_Exercise instructions:_ Below are the entries; return every line among them that holds the word "Sturm".

**** Exercise material

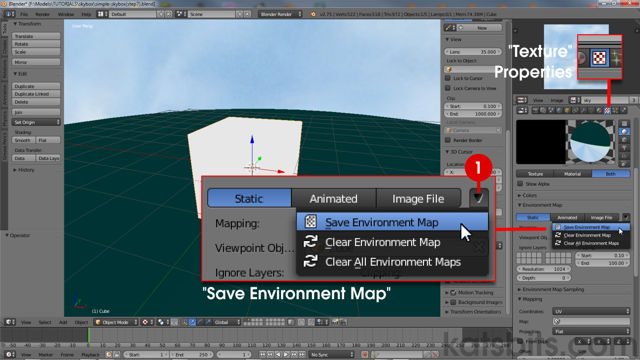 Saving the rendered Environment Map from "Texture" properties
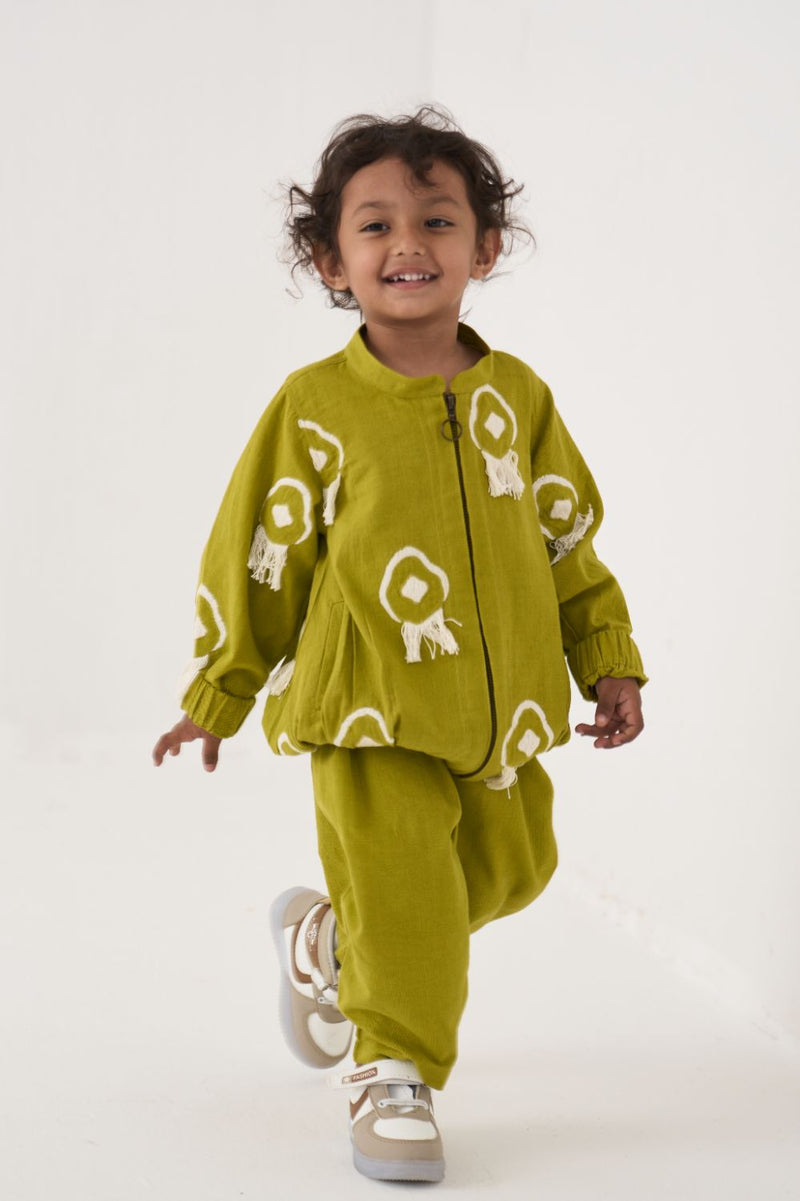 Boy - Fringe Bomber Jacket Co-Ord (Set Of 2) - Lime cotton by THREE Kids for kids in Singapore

********
**** Exercise material

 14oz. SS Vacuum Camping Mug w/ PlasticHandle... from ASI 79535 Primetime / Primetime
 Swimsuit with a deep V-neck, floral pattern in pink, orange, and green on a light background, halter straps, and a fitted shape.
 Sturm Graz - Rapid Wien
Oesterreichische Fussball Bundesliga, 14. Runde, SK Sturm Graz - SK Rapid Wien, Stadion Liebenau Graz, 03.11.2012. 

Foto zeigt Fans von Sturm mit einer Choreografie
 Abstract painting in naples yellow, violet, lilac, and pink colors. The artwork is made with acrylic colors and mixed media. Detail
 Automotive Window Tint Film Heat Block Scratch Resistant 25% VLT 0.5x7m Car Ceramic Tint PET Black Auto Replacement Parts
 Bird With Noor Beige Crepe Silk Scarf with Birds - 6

********
**** Exercise material

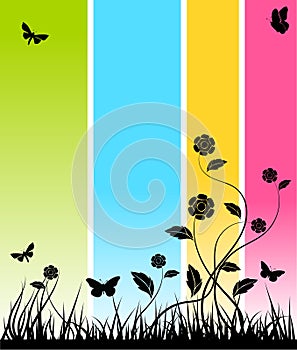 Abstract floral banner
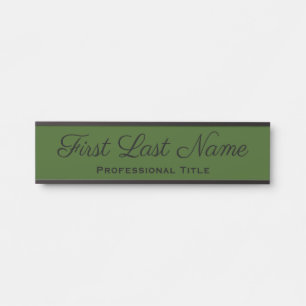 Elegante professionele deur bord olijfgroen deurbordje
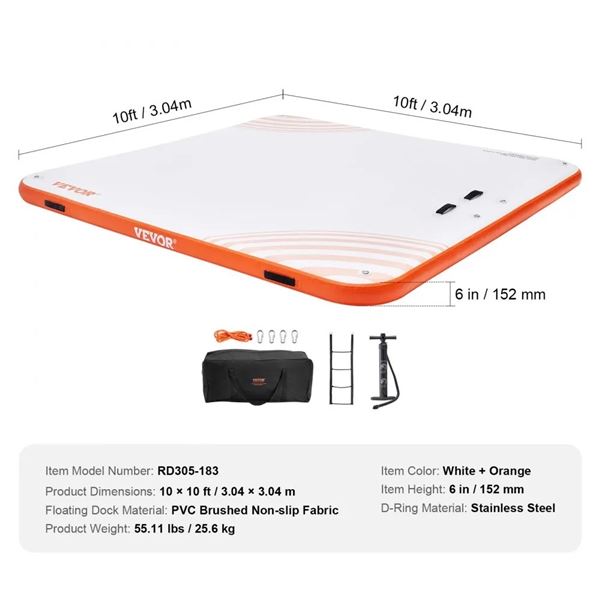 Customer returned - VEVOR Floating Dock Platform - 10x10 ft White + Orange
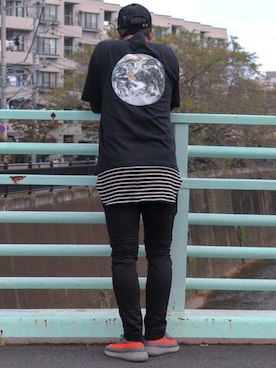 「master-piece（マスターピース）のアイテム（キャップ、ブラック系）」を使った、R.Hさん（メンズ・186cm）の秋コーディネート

********

_Result for this task:_
 Sturm Graz - Rapid Wien
Oesterreichische Fussball Bundesliga, 14. Runde, SK Sturm Graz - SK Rapid Wien, Stadion Liebenau Graz, 03.11.2012. 
Foto zeigt Fans von Sturm mit einer Choreografie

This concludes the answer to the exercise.